2. DEI Statement The Iowa Association for Applied Behavior Analysis (Iowa ABA) values and encourages
diversity, inclusion, and equity in the field of behavior analysis broadly and within the
organization specifically. We respect the diverse perspectives and backgrounds of our
members and strive to create a welcoming, supportive, and inclusive community of
professionals, who honor each person’s unique contributions in the field of behavior
analysis, including areas of scientific research, education, practice, advocacy, and the
dissemination of information. It is expected that all Iowa ABA members, as well as non-
members who participate in Iowa ABA events, to treat one another with respect.
Article III—Membership
1. Categories of Membership
Membership is open to all persons interested in or actively engaged in teaching, research, and/or application of the principles and procedures of behavior analysis. Membership is not restricted to residents of the State of Iowa. Membership shall be in one of three classes:
Full Member: Appropriate for any individual holding a BCBA-D, BCBA, or BCaBA certification. Additionally, it is appropriate for any individual holding a graduate degree in a discipline directly related to or involving behavior analysis and whose professional commitment includes teaching, research, and/or practice in behavior analysis.
Affiliate Member: Appropriate for any individual evidencing interest in the discipline of behavior analysis, but not meeting the requirements for Full or Student membership. Any individual evidencing interest in the discipline of behavioral analysis, but lacking graduate level training in a discipline directly related to behavior analysis or holding BCBA-D, BCBA, or BCaBA certification.
Student Member: Appropriate for any individual pursuing formal training in the discipline of behavior analysis but not yet gainfully employed on at least a half-time basis.
2. Voting
Full and affiliate members in good standing shall be entitled to one vote on all matters brought before the chapter. There shall be no proxy voting.
Article IV—Officers
1. Officers
The officers of the Iowa ABA shall be the president, president-elect, past president, secretary (2
members), treasurer (no term limit), three members at large (each with Year 1 and Year 2
members, for a total of 6 individuals), and one student member.
Each board member (with the exception of President positions, the Treasurer which has no
term limits, and the Student Member which is only one member) will have two members assigned to the position (Year 1 and Year 2). The Year 2
member will mentor the Year 1 member throughout the year regarding board duties (e.g.,
committee chair, record keeping, goals/tasks of the organization).
2. Terms of Office
The term of office of the president shall be one year to commence at the conclusion of the
meeting presided over by the current president, who shall then assume the office of past
president. The office of president elect shall be one year with that individual assuming the office
of president the following year followed by a year in the capacity of past president.

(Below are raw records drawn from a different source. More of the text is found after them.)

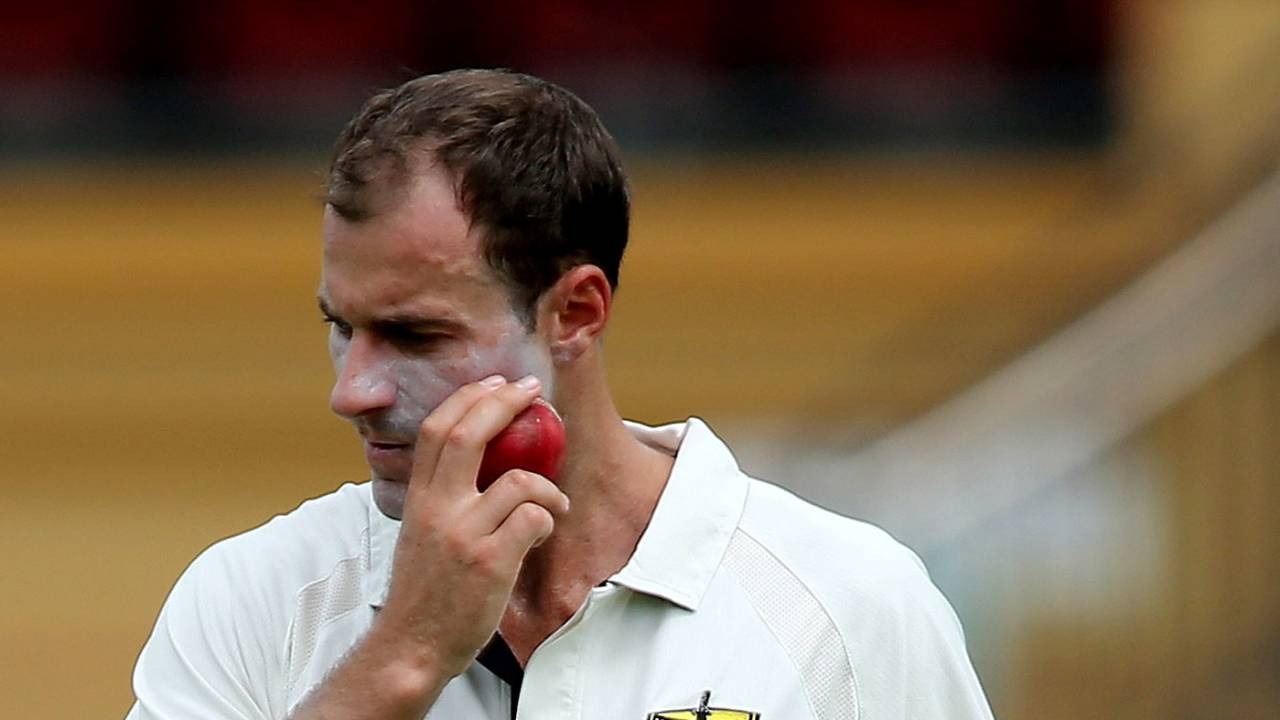 Burt Cockley appears to be rubbing the ball on his face, Sheffield Shield, South Australia v Western Australia, Adelaide, 1st day, March 7, 2013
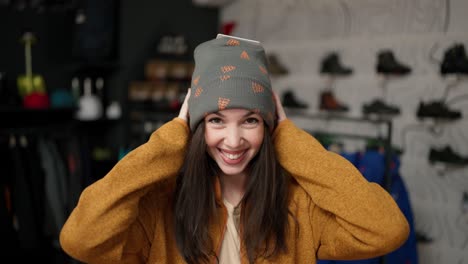 vista frontal de una mujer sonriente probándose un nuevo y colorido sombrero de invierno en una tienda.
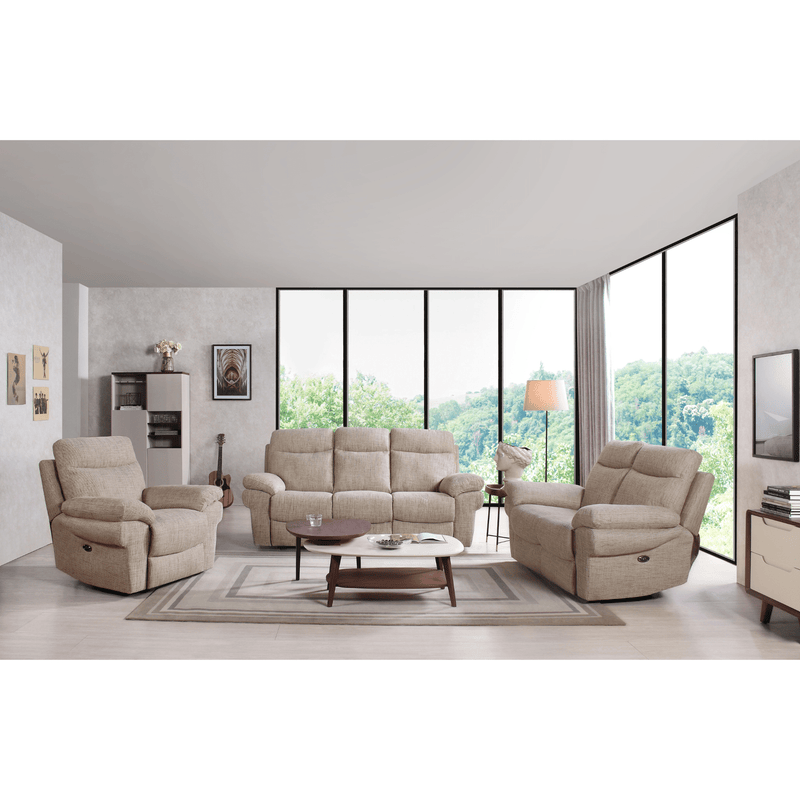 Beige sofa set in a modern living room with large windows.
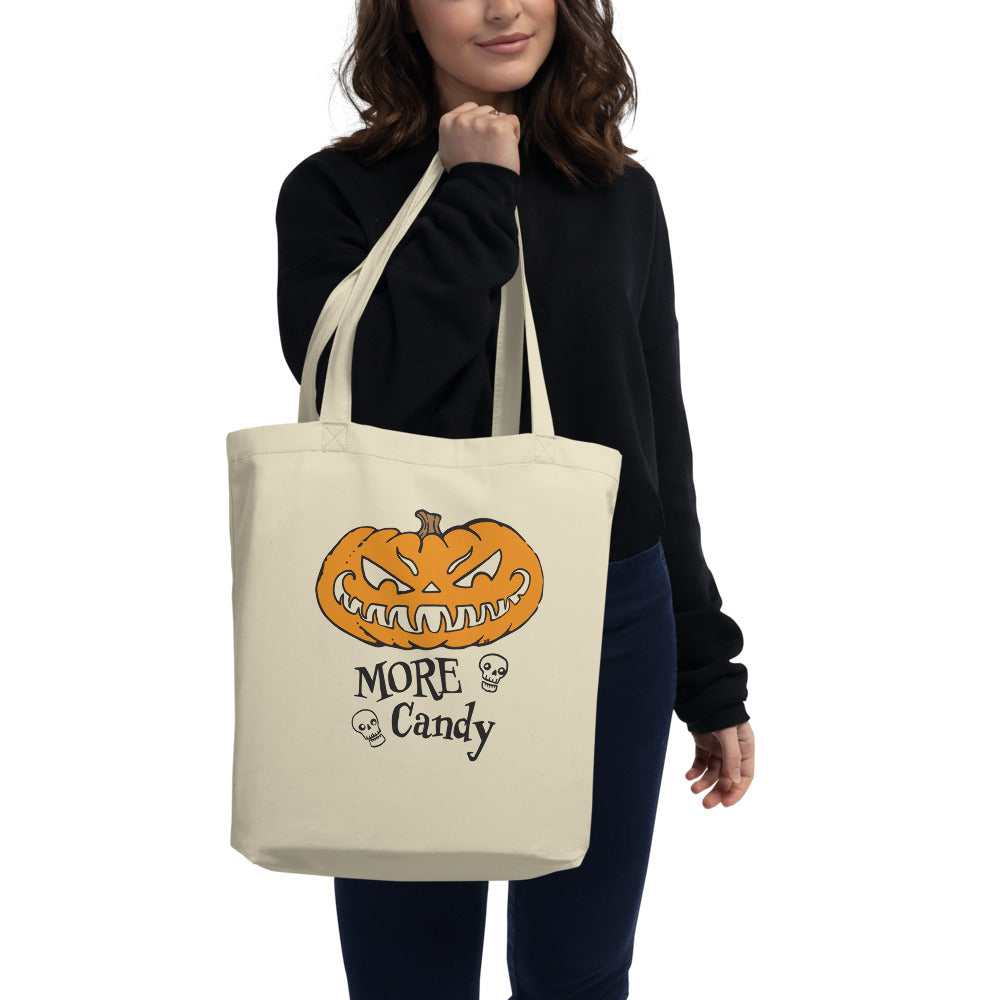 Woman holding the canvas tote bag with the more candy hungry pumpkin design on the front
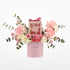 Pink floral arrangement with chocolate gift box, "It&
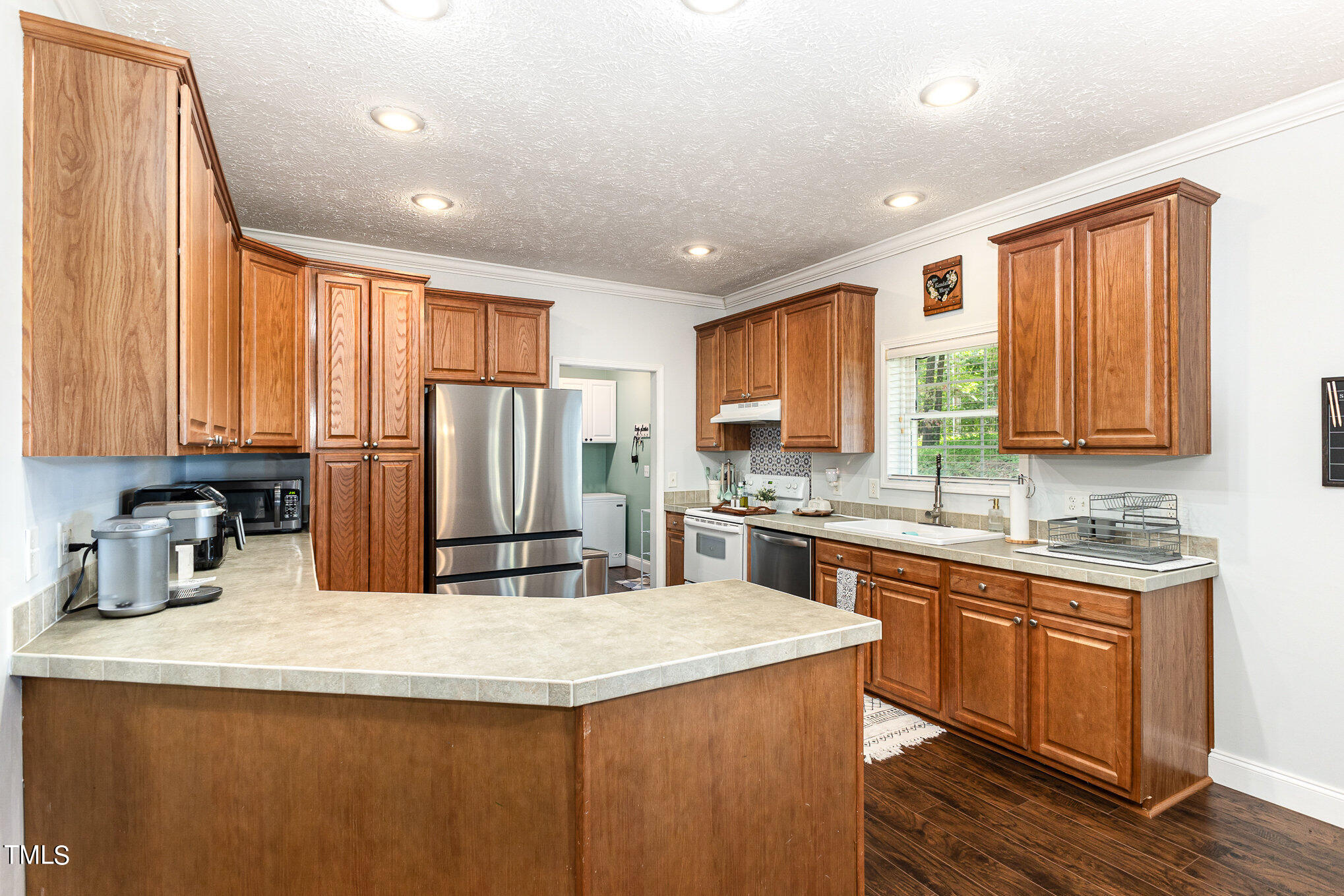 104 Dove Road Creedmoor, NC 27522 - Photo 23 of 25 a kitchen with stainless steel appliances granite countertop refrigerator sink and cabinets
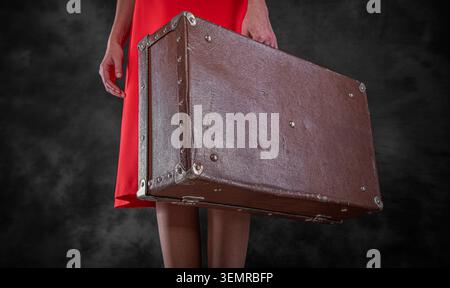 A woman holds an old brown vintage suitcase against a dark textured background. Stock Photo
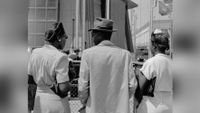 Three African-American people pictured from behind. They are dressed smartly. 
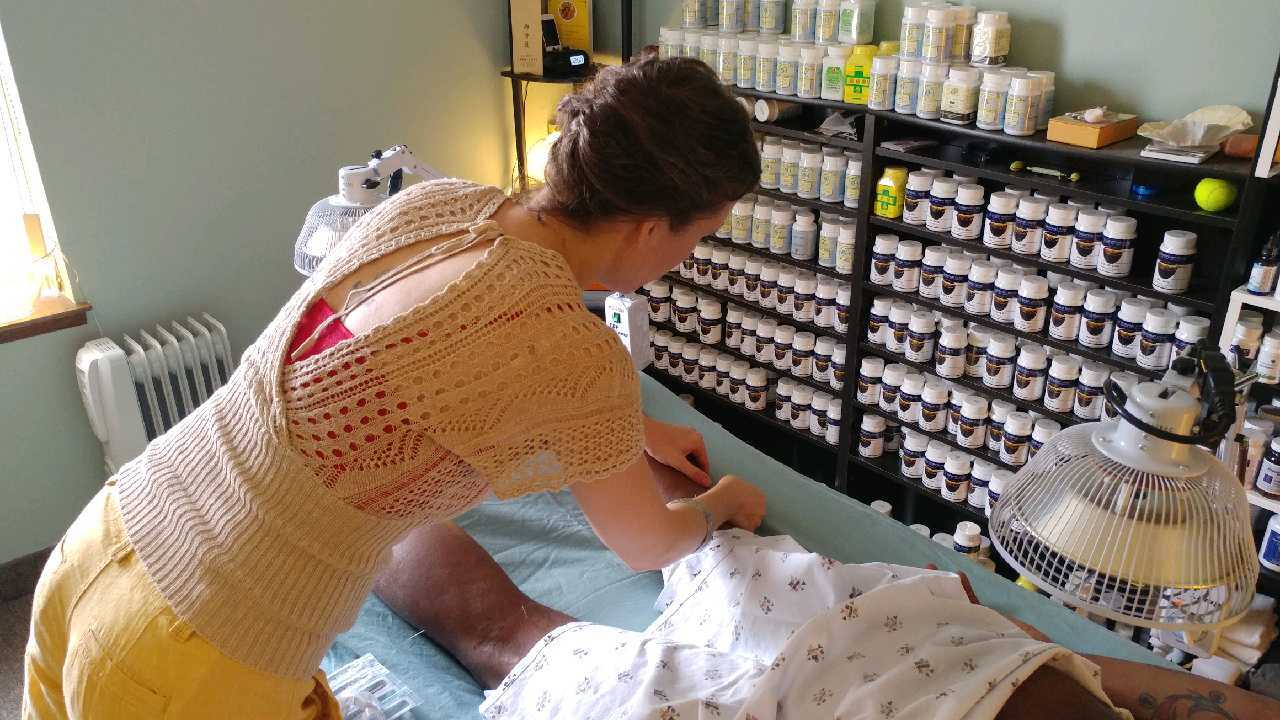 Kat performing acupuncture with Chinese herbs in background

All open
positions will be filled with 2-year terms with the exception of a three year term for President
Elect, who will transition to president and then president elect, and a 1 year term for the student
member. The student member must be a full- or part-time student at the time of the election.
Board Members will maintain active membership during their term.
3. Duties
The president shall preside at all board and member meetings. The president or
designee is responsible for the counting of nomination and election ballots, as well as the ballots
in any referenda submitted to the voting membership, and shall exercise general supervision
over the affairs of the chapter.
If the president is unable to preside over a meeting, that responsibility shall fall to the past
president. If he or she is unable to preside, the president-elect shall assume the responsibility..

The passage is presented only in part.